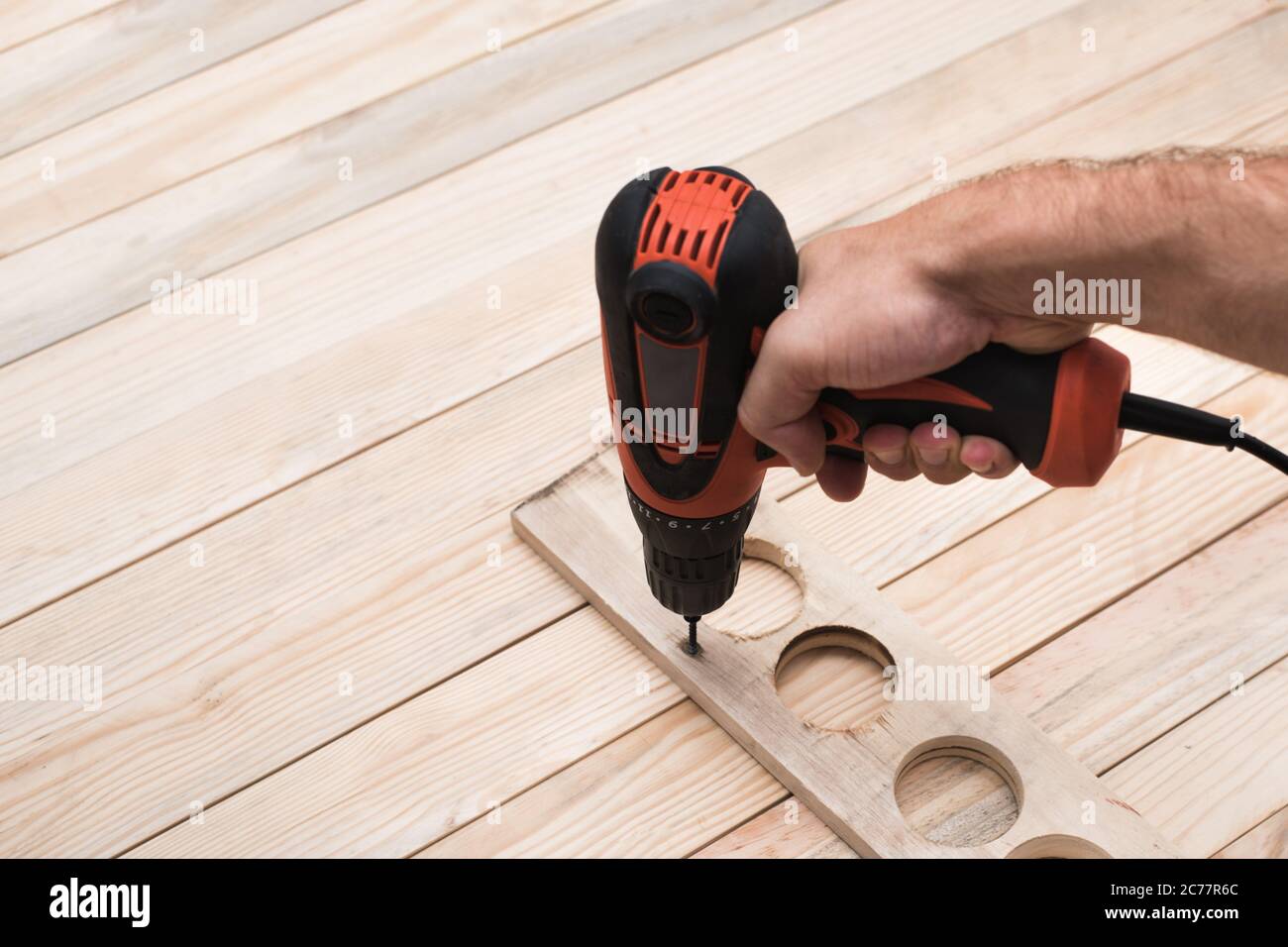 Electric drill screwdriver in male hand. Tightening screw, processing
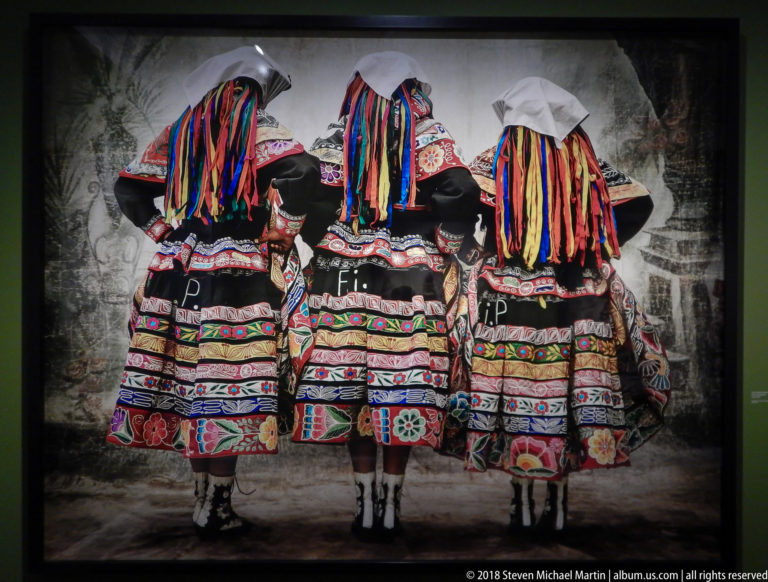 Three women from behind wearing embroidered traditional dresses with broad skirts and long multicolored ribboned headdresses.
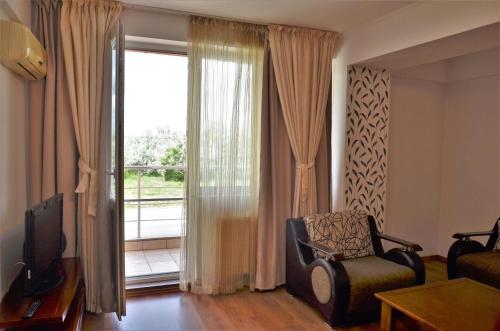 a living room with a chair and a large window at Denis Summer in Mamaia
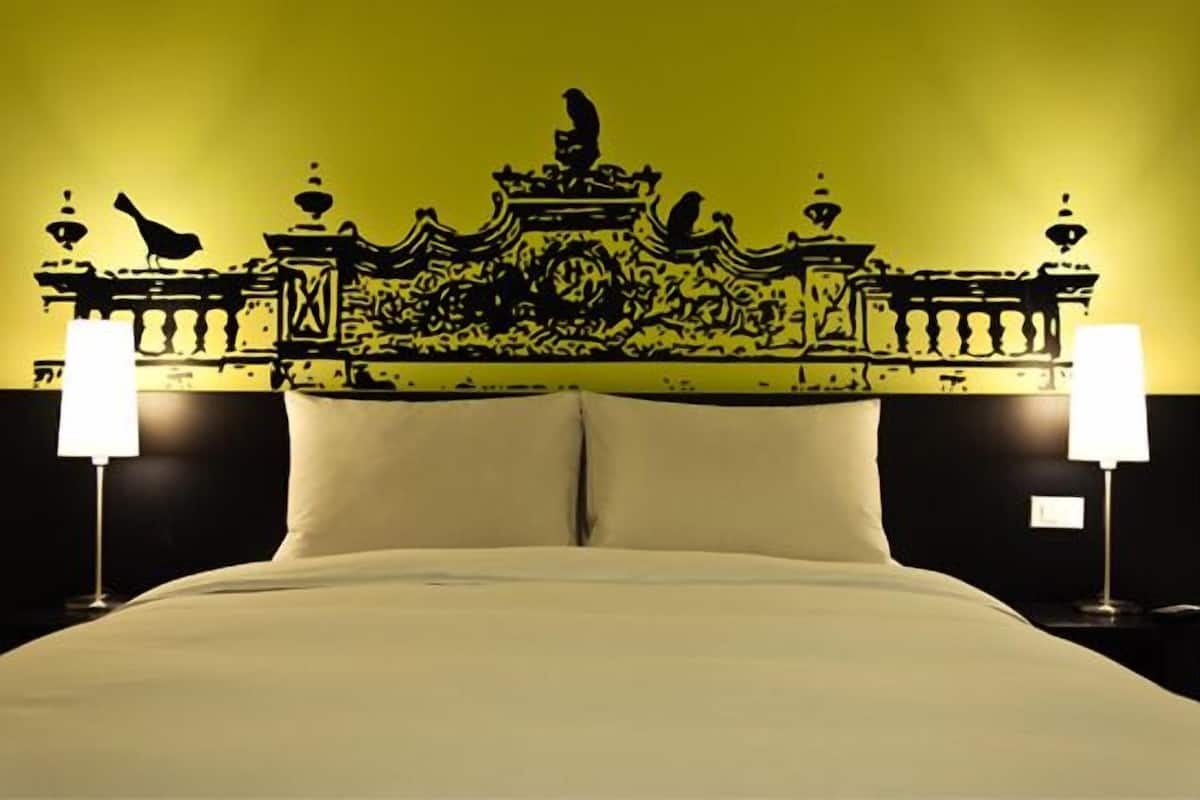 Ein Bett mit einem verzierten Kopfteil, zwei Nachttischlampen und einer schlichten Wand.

************

- [Work request]: Print the listing verbatim; no pictures.

- [Task response]:
 Electric drill screwdriver in male hand. Tightening screw, processing
 Three women from behind wearing embroidered traditional dresses with broad skirts and long multicolored ribboned headdresses.
 a living room with a chair and a large window at Denis Summer in Mamaia
 Ein Bett mit einem verzierten Kopfteil, zwei Nachttischlampen und einer schlichten Wand.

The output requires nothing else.